▸ STORED DATA
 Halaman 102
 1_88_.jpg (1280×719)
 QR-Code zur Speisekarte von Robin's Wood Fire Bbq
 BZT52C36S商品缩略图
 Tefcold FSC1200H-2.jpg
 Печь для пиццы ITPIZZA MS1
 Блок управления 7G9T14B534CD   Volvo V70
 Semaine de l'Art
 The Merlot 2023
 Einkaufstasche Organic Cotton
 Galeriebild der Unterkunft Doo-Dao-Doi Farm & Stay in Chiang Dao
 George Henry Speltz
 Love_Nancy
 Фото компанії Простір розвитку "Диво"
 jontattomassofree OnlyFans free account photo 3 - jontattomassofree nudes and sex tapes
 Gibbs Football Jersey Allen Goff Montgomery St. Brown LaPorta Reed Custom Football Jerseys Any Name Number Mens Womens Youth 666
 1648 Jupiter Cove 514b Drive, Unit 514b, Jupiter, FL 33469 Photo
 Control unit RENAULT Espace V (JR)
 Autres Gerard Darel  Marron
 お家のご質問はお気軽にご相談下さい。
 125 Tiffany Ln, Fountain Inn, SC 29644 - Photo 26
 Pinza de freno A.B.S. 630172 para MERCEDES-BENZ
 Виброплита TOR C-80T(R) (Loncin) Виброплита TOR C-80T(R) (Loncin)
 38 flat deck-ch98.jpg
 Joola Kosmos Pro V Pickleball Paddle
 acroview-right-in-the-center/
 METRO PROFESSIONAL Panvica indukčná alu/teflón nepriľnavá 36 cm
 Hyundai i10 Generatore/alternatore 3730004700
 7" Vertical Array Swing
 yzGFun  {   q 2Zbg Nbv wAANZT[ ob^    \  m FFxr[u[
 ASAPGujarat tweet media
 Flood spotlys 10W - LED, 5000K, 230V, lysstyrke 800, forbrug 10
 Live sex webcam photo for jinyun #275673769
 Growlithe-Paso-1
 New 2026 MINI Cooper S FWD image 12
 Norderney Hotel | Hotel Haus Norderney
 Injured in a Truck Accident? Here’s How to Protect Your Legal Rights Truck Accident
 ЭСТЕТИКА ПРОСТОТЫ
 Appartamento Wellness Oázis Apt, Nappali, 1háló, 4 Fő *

▸ YOUR INSTRUCTIONS
Using the data above, reproduce exactly the lines between those holding "Galeriebild der Unterkunft" and "Norderney Hotel | Hotel Haus Norderney", inclusive, and no others.

▸ TASK RESPONSE
 Galeriebild der Unterkunft Doo-Dao-Doi Farm & Stay in Chiang Dao
 George Henry Speltz
 Love_Nancy
 Фото компанії Простір розвитку "Диво"
 jontattomassofree OnlyFans free account photo 3 - jontattomassofree nudes and sex tapes
 Gibbs Football Jersey Allen Goff Montgomery St. Brown LaPorta Reed Custom Football Jerseys Any Name Number Mens Womens Youth 666
 1648 Jupiter Cove 514b Drive, Unit 514b, Jupiter, FL 33469 Photo
 Control unit RENAULT Espace V (JR)
 Autres Gerard Darel  Marron
 お家のご質問はお気軽にご相談下さい。
 125 Tiffany Ln, Fountain Inn, SC 29644 - Photo 26
 Pinza de freno A.B.S. 630172 para MERCEDES-BENZ
 Виброплита TOR C-80T(R) (Loncin) Виброплита TOR C-80T(R) (Loncin)
 38 flat deck-ch98.jpg
 Joola Kosmos Pro V Pickleball Paddle
 acroview-right-in-the-center/
 METRO PROFESSIONAL Panvica indukčná alu/teflón nepriľnavá 36 cm
 Hyundai i10 Generatore/alternatore 3730004700
 7" Vertical Array Swing
 yzGFun  {   q 2Zbg Nbv wAANZT[ ob^    \  m FFxr[u[
 ASAPGujarat tweet media
 Flood spotlys 10W - LED, 5000K, 230V, lysstyrke 800, forbrug 10
 Live sex webcam photo for jinyun #275673769
 Growlithe-Paso-1
 New 2026 MINI Cooper S FWD image 12
 Norderney Hotel | Hotel Haus Norderney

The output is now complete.